Jusqu'ici, la Coalition réunit une quinzaine de regroupements nationaux dont la Table nationale des Corporations de développement communautaire (TNCDC), le Collectif pour un Québec sans pauvreté, la Confédération des syndicats nationaux (CSN), la Fédération des travailleurs et travailleuses du Québec (FTQ), le Regroupement des organismes en hébergement pour les personnes migrantes (ROHMI), le Réseau québécois des OSBL d'habitation (RQOH), le Réseau d'action pour l'égalité des femmes immigrées et racisées du Québec (RAFIQ), la Fédération des locataires de HLM du Québec (FLHLMQ), le Réseau des Tables régionales de groupes de femmes du Québec, la Fédération des associations de familles monoparentales et recomposées du Québec (FAFMRQ), Fédération nationale des enseignantes et des enseignants du Québec (FNEEQ), le Fédération des maisons d'hébergement pour femmes(FMHF), L'R des Centres de femme et le Réseau SOLIDARITÉ Itinérance du Québec (RSIQ). À peine lancée, la coalition commence déjà à recevoir les adhésions de nombreux autres groupes locaux et régionaux. «Le consensus sur l'urgence de la situation pour les locataires exige de parler d'une seule voix» selon les organisations sociales.

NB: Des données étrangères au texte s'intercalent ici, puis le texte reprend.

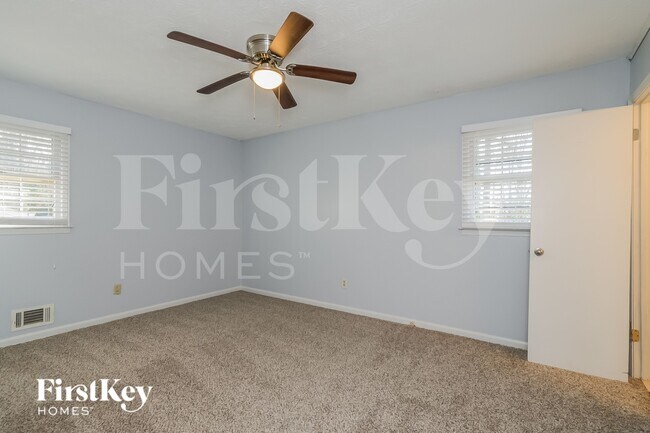 Building Photo - 195 King David Dr SW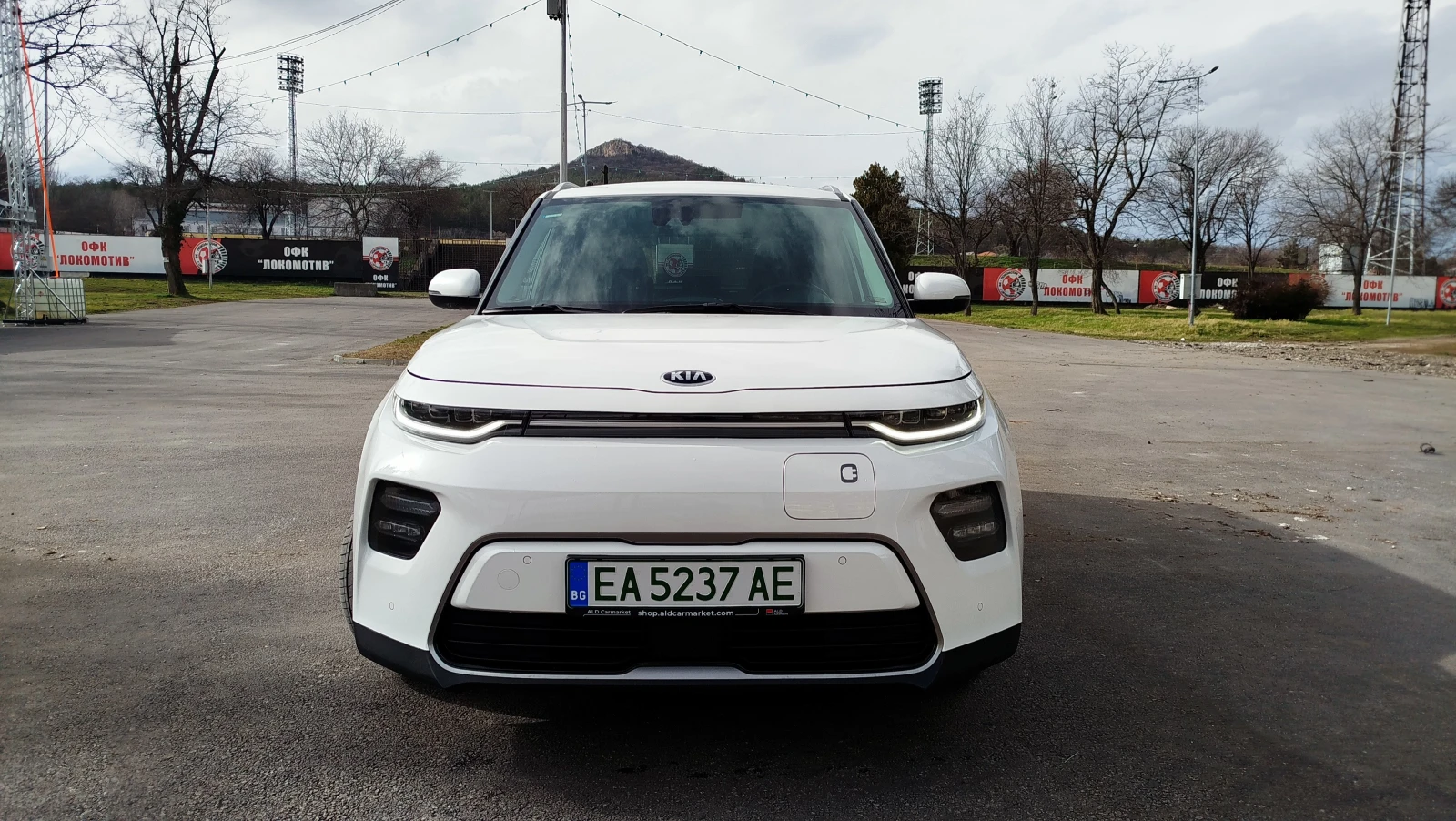 Kia Soul e-Soul 64 kWh (204кс) КАТО НОВА, снимка 3 - Автомобили и джипове - 53827333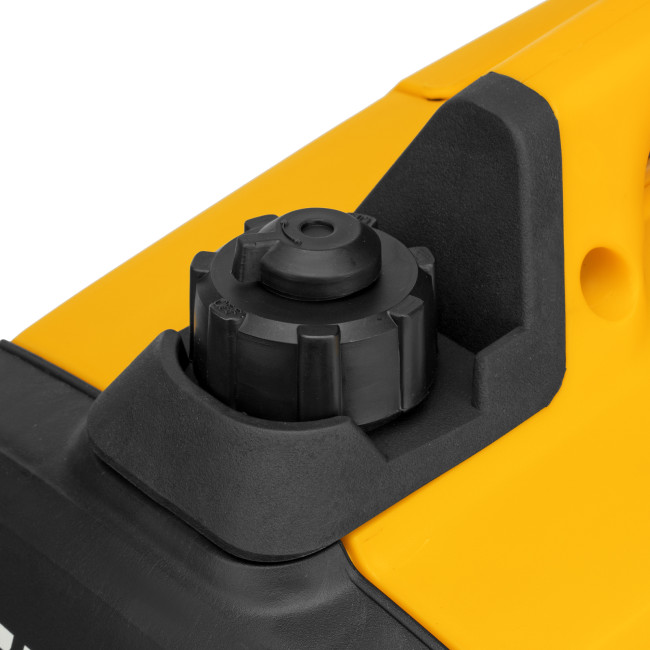 Генератор инверторный GT-1200iS, 1.2 кВт, 230 В, бак 2.4 л, закрытый корпус, ручной старт Denzel в Казани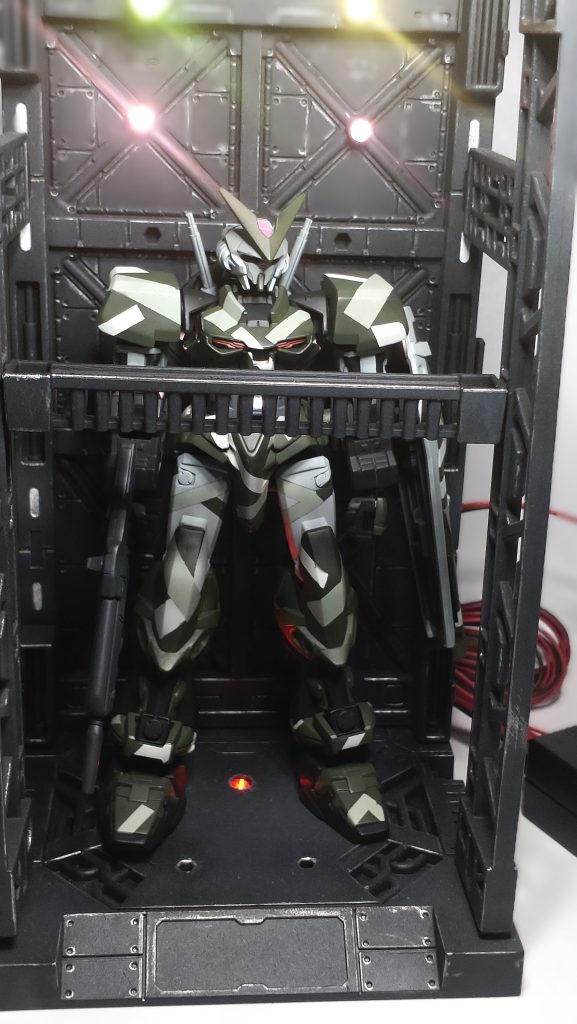初挑戦という事で加減が分からずやりすぎた感じになってしまいました。もうちょっとマスキングを細くして、もっと不規則に並べるべきだったと反省。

Selon le dernier recensement de Statistique Canada en 2021, 173 000 ménages locataires du Québec avaient des besoins impérieux de logement (logements inabordables, insalubres ou trop petits), avec un revenu médian annuel de seulement 21 400 $. La situation n'a fait qu'empirer de plus en plus rapidement depuis. Cette réalité doit être au cœur de l'élaboration des politiques en habitation, insiste la nouvelle coalition. Le gouvernement n'a plus d'excuses pour l'ignorer. La crise du logement cher frappe de manière disproportionnée les personnes à faibles et modestes revenus. Elle se vit dans les grands centres urbains comme dans les régions, et ses conséquences dramatiques sur l'itinérance, l'insécurité alimentaire, la santé physique et mentale et le développement des enfants sont démontrés par plusieurs études.
Les organisations membres de la Coalition constatent que les mesures mises de l'avant par le gouvernement ont échoué. Elles ne s'attaquent pas aux causes réelles : le faible encadrement du marché locatif et le déficit de construction de logements sociaux. Au lieu d'y remédier, le gouvernement accuse l'immigration et réduit le débat à une question d'offre. Présentement, il manque de protections pour les locataires qui subissent des hausses de loyers qui les appauvrissent observent les organisations sociales de divers milieux. Les reprises de logements de mauvaise foi et les évictions se multiplient, les loyers sont poussés à la hausse par l'absence de contrôle des loyers, les projets de coopératives et d'OSBL d'habitation portés par les communautés stagnent et les listes d'attente pour un HLM s'allongent d'année en année en l'absence d'un programme de logements publics.
Trois revendications phares
Les organisations membres de la Coalition s'unissent autour de trois revendications cardinales pour permettre une sortie durable de la crise.
La première est la mise en œuvre d'un réel contrôle des loyers au Québec, pour mettre fin à la spirale des hausses abusives qui appauvrissent les locataires et les déracinent de leurs milieux. Les loyers médians ont augmenté de plus de 30% en 5 ans seulement, bien plus que les revenus des ménages. Et près de la moitié des locataires, dont une majorité de femmes, mettent plus de 30% de leur revenu dans leur loyer. Avec le coût de la vie qui explose, comment peut-on espérer vivre décemment?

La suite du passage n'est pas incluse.